The kids polished these off for breakfast over a couple of days. They do have wheat in them, but no dairy or eggs.
Hope you enjoy them!
- 1 1/4 cup all-purpose flour
- 2/3 cup whole wheat flour
- 2 1/2 tsp baking powder
- 1/2 tsp salt
- 1 cup rolled oats
- 3/4 cup coconut sugar
- 1 tsp vanilla
- 1/3 cup maple syrup
- 3/4 cup soy milk
- 1/2 cup vegan yogurt (almond or coconut milk)
- 1/3 cup canola oil
- 1 1/4 cup frozen blueberries
- 1 apple, grated, with skin
In a large bowl, mix the flours, baking powder, salt, oats, and brown sugar.
In a separate small bowl, mix the vanilla, maple syrup, soy milk, yogurt, and canola oil.
Add the wet mixture into the dry ingredient bowl and mix just until combined.
Next, fold in the grated apple and frozen blueberries until they’re evenly distributed.

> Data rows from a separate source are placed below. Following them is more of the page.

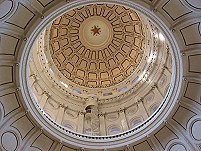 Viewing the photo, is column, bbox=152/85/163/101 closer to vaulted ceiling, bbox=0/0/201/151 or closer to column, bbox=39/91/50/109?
vaulted ceiling, bbox=0/0/201/151

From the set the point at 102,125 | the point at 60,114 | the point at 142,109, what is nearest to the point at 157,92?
the point at 142,109

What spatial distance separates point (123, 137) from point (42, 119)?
621 cm

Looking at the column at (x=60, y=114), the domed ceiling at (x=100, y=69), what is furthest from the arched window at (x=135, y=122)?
the column at (x=60, y=114)

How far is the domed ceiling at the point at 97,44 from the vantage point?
105ft

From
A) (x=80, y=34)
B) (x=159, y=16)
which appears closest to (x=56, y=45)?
(x=80, y=34)

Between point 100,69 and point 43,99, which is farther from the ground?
point 100,69

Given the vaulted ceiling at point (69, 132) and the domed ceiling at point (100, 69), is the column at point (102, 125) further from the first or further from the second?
the vaulted ceiling at point (69, 132)

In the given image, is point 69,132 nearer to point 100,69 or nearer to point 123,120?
point 123,120

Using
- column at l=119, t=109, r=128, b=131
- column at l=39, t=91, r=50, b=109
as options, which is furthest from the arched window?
column at l=39, t=91, r=50, b=109

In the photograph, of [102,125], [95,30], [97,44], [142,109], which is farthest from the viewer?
[97,44]

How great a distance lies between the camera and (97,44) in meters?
34.5

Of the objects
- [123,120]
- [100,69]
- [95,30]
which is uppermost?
[95,30]

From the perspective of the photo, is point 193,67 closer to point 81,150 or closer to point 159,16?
point 159,16

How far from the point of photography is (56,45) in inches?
1266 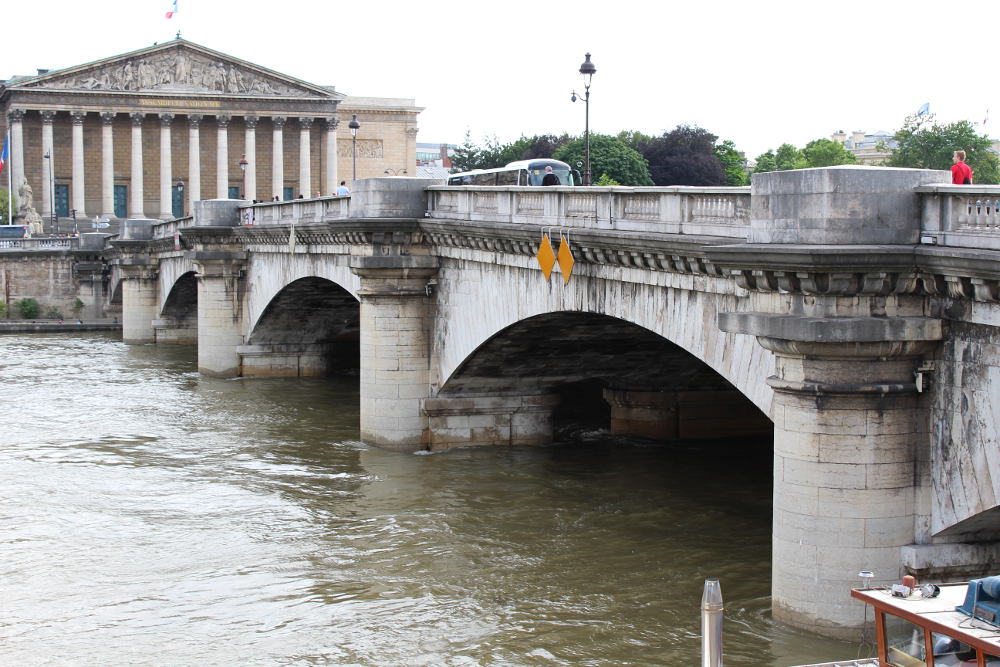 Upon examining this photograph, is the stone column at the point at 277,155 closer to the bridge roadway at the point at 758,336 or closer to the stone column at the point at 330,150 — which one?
the stone column at the point at 330,150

Do not overmix. The batter will turn purple, and that’s ok!
Pour the batter into 12 lined muffin cups. Sprinkle a few extra oats on top of each muffin if you like.
Bake at 400F for 18-20 minutes until golden on top and a chopstick inserted into a muffin comes out clean.
Cool on a wire rack, then enjoy with your morning coffee, tea, or soy milk.